- Native name: Kyrgyz: Чоң Ак-Суу

Location
- Country: Kyrgyzstan
- Region: Issyk-Kul Region

Physical characteristics
- Source: confluence of the Aylama and Ayuu-Tör rivers
- Mouth: Issyk-Kul
- • coordinates: 42°39′22″N 77°28′09″E﻿ / ﻿42.65611°N 77.46917°E
- • elevation: 1604 m
- Length: 31 km (19 mi)
- Basin size: 337 km^{2} (130 sq mi)
- • location: near Grigor'yevka
- • average: 5.0 m^{3}/s (180 cu ft/s)
- • minimum: 1.4 m^{3}/s (49 cu ft/s)
- • maximum: 19.1 m^{3}/s (670 cu ft/s)

Basin features
- River system: Issyk-Kul basin
- • left: Kulagan-Tash, Jindi-Suu
- • right: Kashka-Suu

= Chong Ak-Suu =

The Chong Ak-Suu (Чоң Ак-Суу or Чоң Аксуу) is a river in Issyk-Kul Region of Kyrgyzstan. It originates on the southern slope of the Küngöy Ala-Too Range and flows into Issyk-Kul. The river is 31 km long, and its drainage basin covers 337 km2.

==Course==
The Chong Ak-Suu is formed by the confluence of the Aylama and Ayuu-Tör rivers. In its upper reaches, it flows through moraine deposits left by ancient glaciers. After the confluence with the Jindi-Suu, the river flows through a narrow gorge.

==Tributaries==
The Chong Ak-Suu has 16 small tributaries. Its principal tributaries are the Kasha-Suu on the right, and the Kulagan-Tash and Jindi-Suu on the left.

==Hydrology==
The river is fed by glacier and snow meltwater.
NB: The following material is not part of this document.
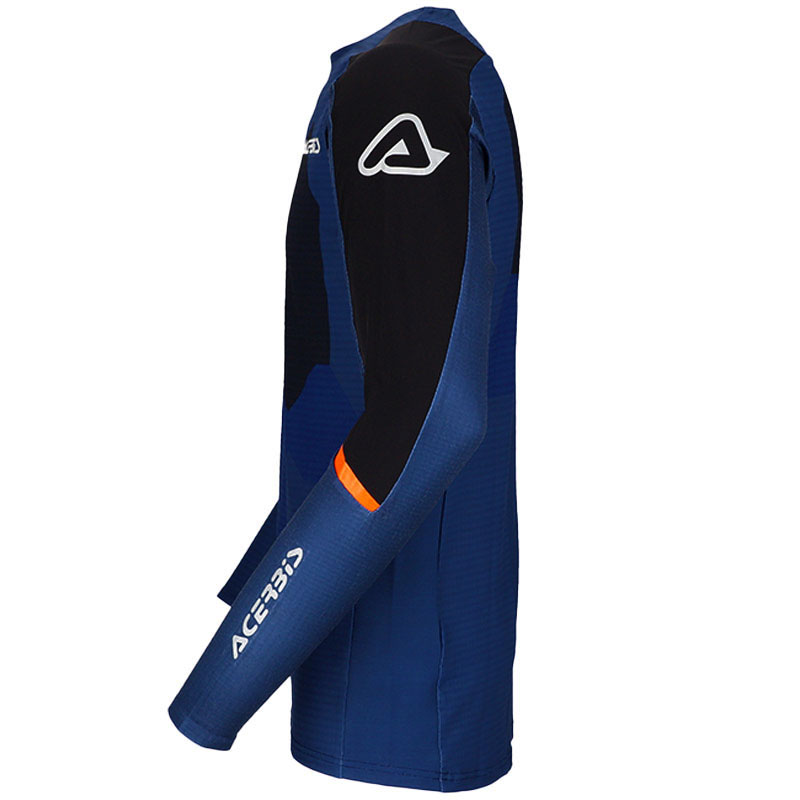 acerbis maillot x duro winter bleu orange cross enduro cross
There are 48 glaciers in its drainage basin, with a total area of 48.9 km2.

The long-term average discharge near the village of Grigor'yevka is 5.0 m3/s, with a maximum discharge of 19.1 m3/s and a minimum of 1.4 m3/s. The river begins its seasonal high-water period in late May and recedes in October.